In practical terms, silver faces a near-term environment in which neither resolution cleanly supports price recovery. The metal's path forward is contingent on the sequencing of multiple variables: the pace of geopolitical resolution, the trajectory of energy prices, the speed at which central bank policy expectations are recalibrated, and the degree to which industrial demand recovers in the months that follow.
Structural Demand Thesis Intact Over the Longer Term
The near-term headwinds facing silver do not fundamentally alter its longer-run structural demand narrative. The global energy transition remains a multi-decade capital deployment cycle, and silver's role in solar photovoltaics, grid-scale electronics, and electric vehicle manufacturing is well-established. Supply deficits have characterised the silver market for several consecutive years, and that structural tightness has not been resolved by the conflict.
Silver also has a well-documented historical tendency to lag gold during the initial phase of a risk event, then outperform when monetary conditions ease and the broader commodities cycle re-engages.
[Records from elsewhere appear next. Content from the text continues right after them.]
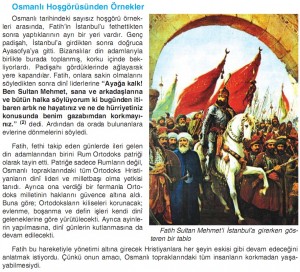 osmanlı hoşgörüsününden örnekler
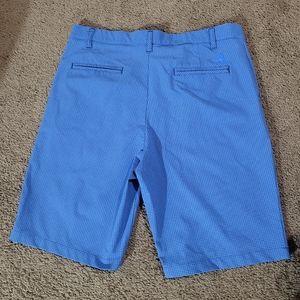 ADIDAS ULTIMATE GINGHAM GOLF SHORTS TRUE BLUE MEN'S 34 DQ2159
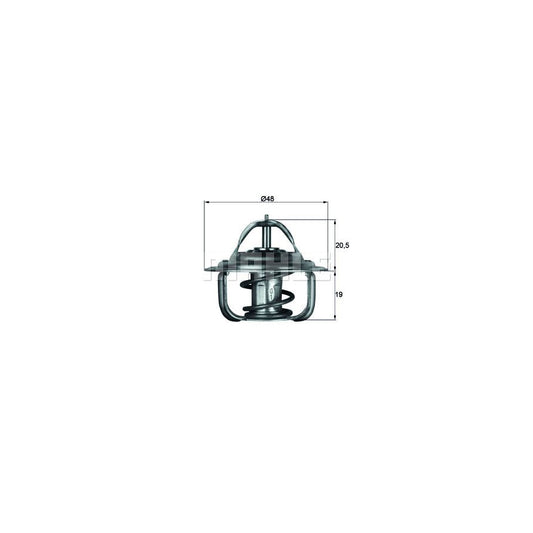 MAHLE ORIGINAL TX 1 71D Engine thermostat Opening Temperature: 71°C, with seal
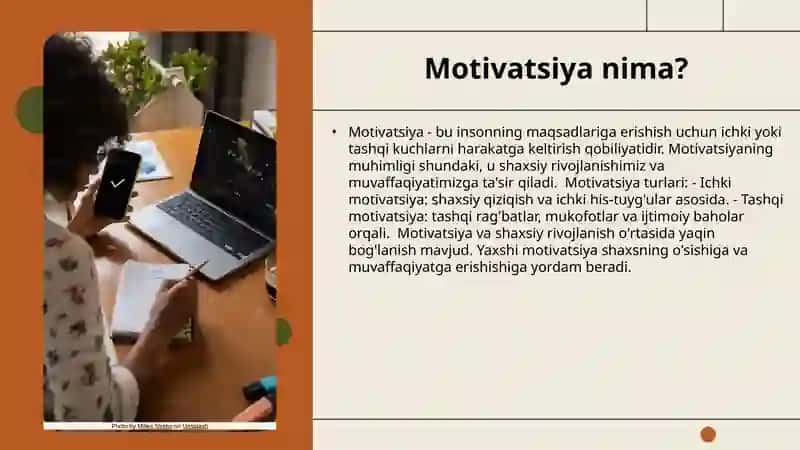 Shaxslar va guruhlarning motivatsiyasi 3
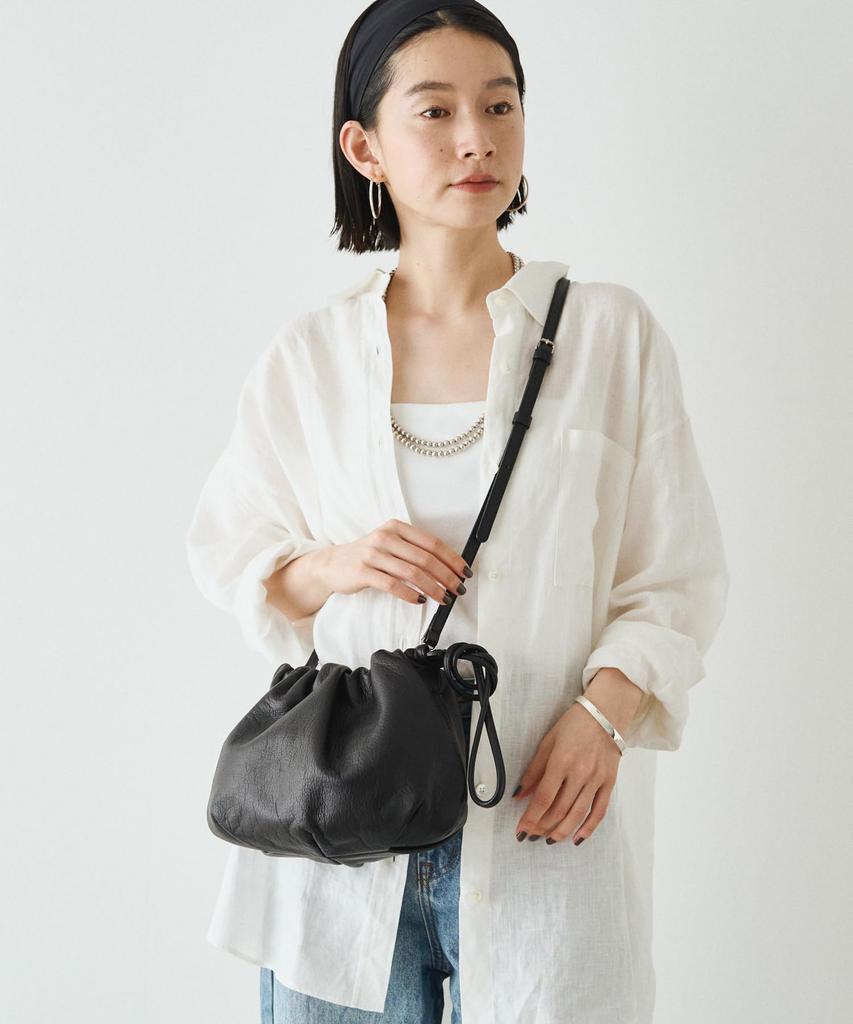 Chi Planning Drawstring Shoulder Bag RUZ1042422A0008 Free Black [Russet] 4-way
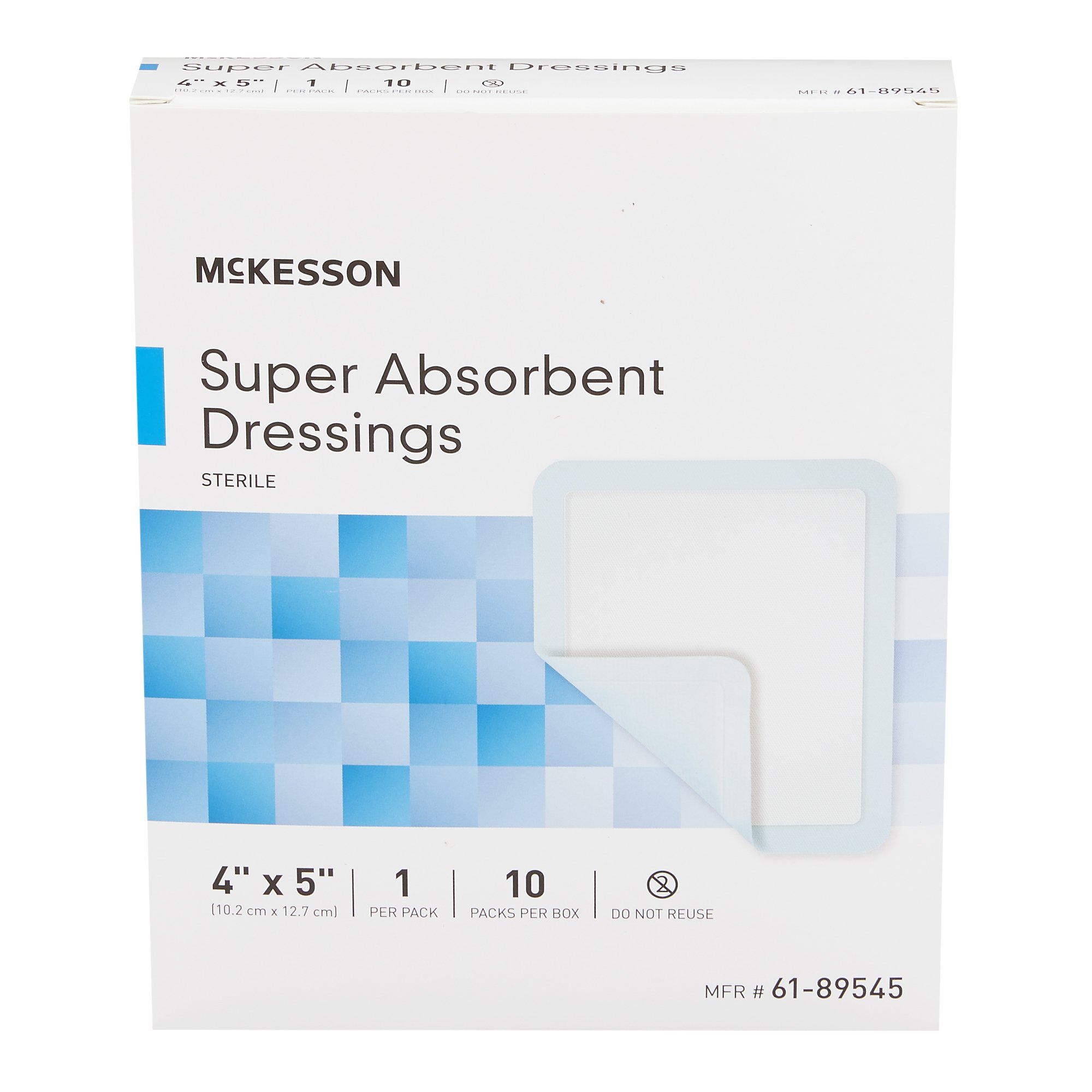 McKesson Brand - 61-89545 McKesson Super Absorbent Dressing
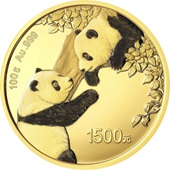 Gold China Panda 100 g PP - 2023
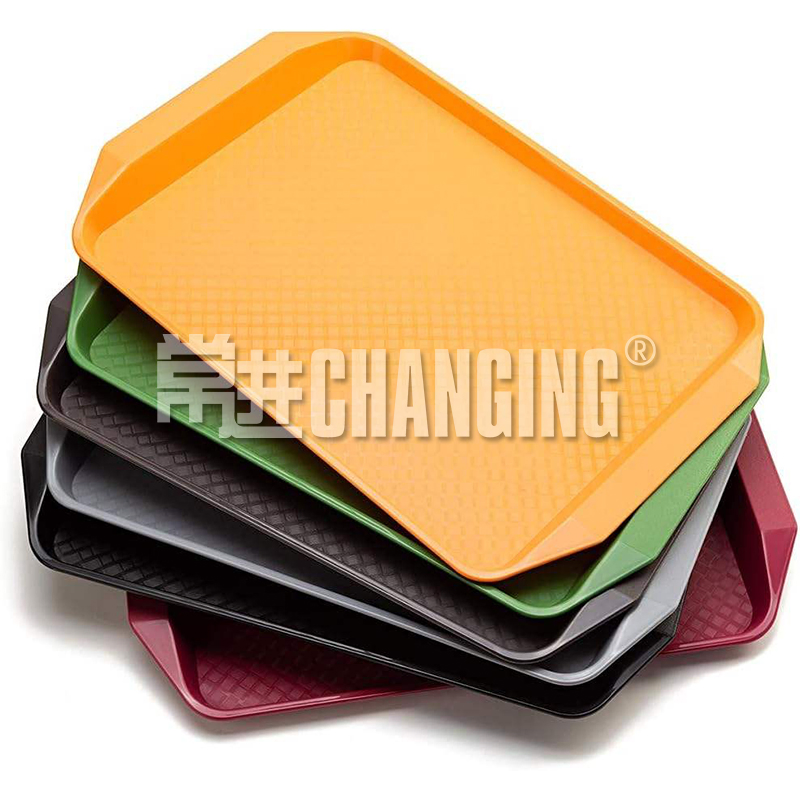 Changing Wholesale Plastic Non-Slip Serving Tray Food Container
At $72.7 per ounce, the metal is pricing in a considerable degree of pessimism across both its monetary and industrial drivers. Whether current valuations represent a structural inflection point or a temporary floor will depend heavily on how quickly the macroeconomic environment normalises once the immediate geopolitical risk subsides.
For now, silver remains the more volatile and structurally exposed expression of the broader precious metals trade. The dual identity that amplified its gains through 2025 is, in the current environment, the principal source of its underperformance relative to gold.